Two 15 million-year-old flowers trapped in amber turn out to be a “completely new” species.
Writing in the journal Nature Plants, researchers from Rutgers University say the flowers do not belong to any known species of the Strychnos flower genus, which is made up of tropical trees, shrubs and lianas. The genus is also known as the source of the toxin strychnine.
The flowers, named Strychnos electri, were discovered among about 500 fossils caught in amber and found in 1986 in the Dominican Republic. Amber is fossilized tree resin, known as elektron in Greek.

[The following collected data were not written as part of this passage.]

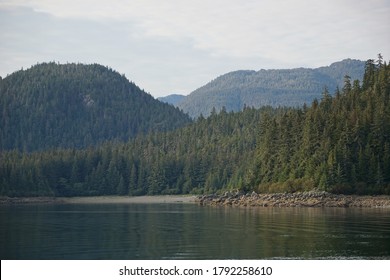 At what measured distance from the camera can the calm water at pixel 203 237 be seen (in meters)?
62.5

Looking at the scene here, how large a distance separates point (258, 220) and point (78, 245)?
3246 centimetres

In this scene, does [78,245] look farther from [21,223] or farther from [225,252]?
[21,223]

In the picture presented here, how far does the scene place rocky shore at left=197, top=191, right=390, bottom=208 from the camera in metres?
128

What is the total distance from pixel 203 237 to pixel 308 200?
60.7m

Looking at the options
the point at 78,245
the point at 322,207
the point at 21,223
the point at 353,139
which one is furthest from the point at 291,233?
the point at 353,139

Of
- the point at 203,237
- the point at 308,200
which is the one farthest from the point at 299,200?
the point at 203,237

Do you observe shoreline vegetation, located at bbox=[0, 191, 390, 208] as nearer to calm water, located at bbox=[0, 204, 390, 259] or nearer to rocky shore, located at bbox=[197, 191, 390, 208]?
rocky shore, located at bbox=[197, 191, 390, 208]

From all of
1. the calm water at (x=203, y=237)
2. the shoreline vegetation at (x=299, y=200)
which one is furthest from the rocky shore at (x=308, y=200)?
the calm water at (x=203, y=237)

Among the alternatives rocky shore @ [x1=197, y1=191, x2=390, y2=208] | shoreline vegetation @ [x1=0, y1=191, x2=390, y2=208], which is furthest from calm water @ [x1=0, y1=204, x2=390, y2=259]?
shoreline vegetation @ [x1=0, y1=191, x2=390, y2=208]

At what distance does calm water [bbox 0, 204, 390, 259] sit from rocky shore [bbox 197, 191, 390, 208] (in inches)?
954

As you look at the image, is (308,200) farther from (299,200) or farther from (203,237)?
(203,237)

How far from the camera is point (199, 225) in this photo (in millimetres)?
89438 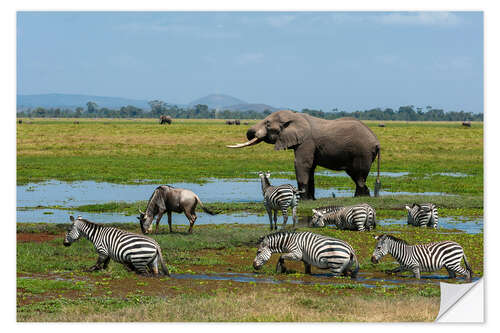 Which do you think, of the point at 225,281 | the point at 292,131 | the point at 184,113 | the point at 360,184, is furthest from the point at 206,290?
the point at 184,113

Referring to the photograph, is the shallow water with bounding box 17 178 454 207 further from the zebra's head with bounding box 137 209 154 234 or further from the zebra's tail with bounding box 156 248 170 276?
the zebra's tail with bounding box 156 248 170 276

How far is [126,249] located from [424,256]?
19.6ft

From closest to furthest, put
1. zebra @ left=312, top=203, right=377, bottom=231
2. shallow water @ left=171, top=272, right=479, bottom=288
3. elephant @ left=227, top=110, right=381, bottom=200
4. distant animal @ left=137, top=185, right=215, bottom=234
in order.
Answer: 1. shallow water @ left=171, top=272, right=479, bottom=288
2. distant animal @ left=137, top=185, right=215, bottom=234
3. zebra @ left=312, top=203, right=377, bottom=231
4. elephant @ left=227, top=110, right=381, bottom=200

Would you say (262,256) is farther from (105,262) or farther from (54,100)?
(54,100)

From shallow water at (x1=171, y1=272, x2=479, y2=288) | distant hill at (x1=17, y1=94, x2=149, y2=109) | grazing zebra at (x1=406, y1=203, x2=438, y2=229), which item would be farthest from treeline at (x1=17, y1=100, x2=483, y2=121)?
shallow water at (x1=171, y1=272, x2=479, y2=288)

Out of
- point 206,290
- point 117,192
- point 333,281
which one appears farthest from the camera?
point 117,192

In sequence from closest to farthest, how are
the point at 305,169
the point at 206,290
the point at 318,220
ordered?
the point at 206,290 < the point at 318,220 < the point at 305,169

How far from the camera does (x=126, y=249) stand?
14203mm

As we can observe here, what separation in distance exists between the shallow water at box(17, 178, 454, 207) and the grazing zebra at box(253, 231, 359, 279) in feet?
39.7

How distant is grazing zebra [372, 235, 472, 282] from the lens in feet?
47.4

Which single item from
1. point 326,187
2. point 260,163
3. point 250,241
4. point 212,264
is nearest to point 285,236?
point 212,264

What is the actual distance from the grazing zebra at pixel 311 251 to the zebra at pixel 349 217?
450cm

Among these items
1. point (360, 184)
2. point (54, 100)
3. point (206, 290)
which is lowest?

Lena Struwe, professor of botany in Rutger's School of Environmental and Biological Sciences, made the discovery last April when she examined high-resolution photos of the samples she received from noted expert of fossilized amber specimens, George Poinar.
"This fossil turned out to have particular significance for our understanding of the evolution of plants in the Caribbean and the New World tropics," Struwe said. "The discovery of this new species in a 30-year-old amber collection highlights that we still have many undiscovered species hidden away in natural history collections worldwide, and not enough taxonomic experts to work through them. Strychnos electri has likely been extinct for a long time, but many new species living and, unfortunately, soon-to-be-extinct species are discovered by scientists every year."
Poinar, who has spent most of his career looking at the insects contained in the amber samples, had his interest piqued by the flower.
"These flowers looked like they had just fallen from a tree," he said. "I thought they might be Strychnos, and I sent them to Lena because I knew she was an expert in that genus."
Struwe pored over other specimens of Strychnos collected by botanists and explorers from the past 200 years to come to the conclusion that Strychnos electri was a completely new species.